Xavier Dayer / Ensemble Cairn

[Musique] « J’ai presque toujours l’impression que j’écris pour des voix ; le monde musical qui m’inspire est souvent un univers vocal – issu du madrigal de la Renaissance, des polyphonies médiévales, des premiers opéras », explique Xavier Dayer.
Cherchant souvent à sublimer le pouvoir d’apaisement du chant, à faire saillir ce qui lie l’être humain à la voix, cet « instrument originel », le compositeur suisse (né en 1972) dit aimer également ce moment où la langue perd le sens des mots pour ne plus devenir que couleur – où musique et poésie s’entrecroisent.

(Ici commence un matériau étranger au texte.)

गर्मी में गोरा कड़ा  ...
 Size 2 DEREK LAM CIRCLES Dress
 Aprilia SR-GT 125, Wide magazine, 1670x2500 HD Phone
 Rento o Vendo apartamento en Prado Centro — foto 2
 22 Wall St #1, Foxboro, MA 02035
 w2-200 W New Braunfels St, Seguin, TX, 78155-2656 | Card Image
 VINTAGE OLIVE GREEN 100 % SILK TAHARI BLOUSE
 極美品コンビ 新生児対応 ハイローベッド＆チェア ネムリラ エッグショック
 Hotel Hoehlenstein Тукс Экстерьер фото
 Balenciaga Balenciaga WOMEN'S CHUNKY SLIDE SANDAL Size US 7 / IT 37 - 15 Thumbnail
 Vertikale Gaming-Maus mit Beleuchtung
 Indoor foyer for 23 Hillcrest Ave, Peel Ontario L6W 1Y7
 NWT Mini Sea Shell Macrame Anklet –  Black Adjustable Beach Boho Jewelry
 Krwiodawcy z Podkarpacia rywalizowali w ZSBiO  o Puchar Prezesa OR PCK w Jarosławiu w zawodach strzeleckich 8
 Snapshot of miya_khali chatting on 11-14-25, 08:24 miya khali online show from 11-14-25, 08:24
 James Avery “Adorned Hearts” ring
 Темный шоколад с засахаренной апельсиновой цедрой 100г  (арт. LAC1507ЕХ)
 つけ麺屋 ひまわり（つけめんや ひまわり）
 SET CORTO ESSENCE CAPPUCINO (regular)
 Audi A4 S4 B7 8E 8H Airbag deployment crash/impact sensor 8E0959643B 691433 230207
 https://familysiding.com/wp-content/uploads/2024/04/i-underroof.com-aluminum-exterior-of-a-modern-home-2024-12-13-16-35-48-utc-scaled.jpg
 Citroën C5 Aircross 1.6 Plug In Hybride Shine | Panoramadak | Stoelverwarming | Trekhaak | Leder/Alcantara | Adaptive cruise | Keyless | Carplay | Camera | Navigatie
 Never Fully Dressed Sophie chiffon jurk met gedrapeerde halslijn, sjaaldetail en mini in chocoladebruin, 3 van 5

Un espace où est en permanence à l’œuvre un amour du texte qui a découvert dans l’œuvre de Fernando Pessoa un terrain d’élection.
Le Marin
(1999), premier des trois opéras de Xavier Dayer, s’inspirait déjà d’un texte de ce « poète de l’entre-deux », et c’est également le cas des deux œuvres vocales de ce programme qui parcourt près de dix années de sa production musicale : les Chants de la première veilleuse (partiellement repris dans Le Marin) et le Sonnet XXIV, qui appartient à un cycle d’œuvres instrumentales et vocales inspirées des poèmes en anglais – la première langue de Pessoa – dans lequel le compositeur tente d’échafauder une dramaturgie en creux – non pas un climax, mais une sorte de « doux oubli ».
Découlant de la même source, le trio Shall I Revisit These Same Differing Fields est une sorte de mise en abîme reposant sur l’enlacement et le dépouillement de lignes instrumentales qui semblent tourner sur elles-mêmes.
Composée pour guitare (l’instrument de Xavier Dayer), la Promenade de Ricardo Reis fait allusion à l’un des hétéronymes de Pessoa, évocation audacieuse et fragile du monde intérieur d’un personnage inexistant. Lorsque le compositeur se réfère à un autre artiste, il choisit le peintre américain Cy Twombly dont les tableaux questionnent son attachement à l’écriture (To The Sea essaie ainsi de créer musicalement “ une sorte de surface blanche “).
Et même lorsqu’elles sont instrumentales, ses œuvres laissent entendre des voix – ces lointains échos de chœurs vénitiens qui rythment D’un amour lancé. La musique de Xavier Dayer interroge la mémoire,  les souvenirs qui sont les fissures de l’être ; elle est un jeu avec le vide, un livre de l’intranquillité.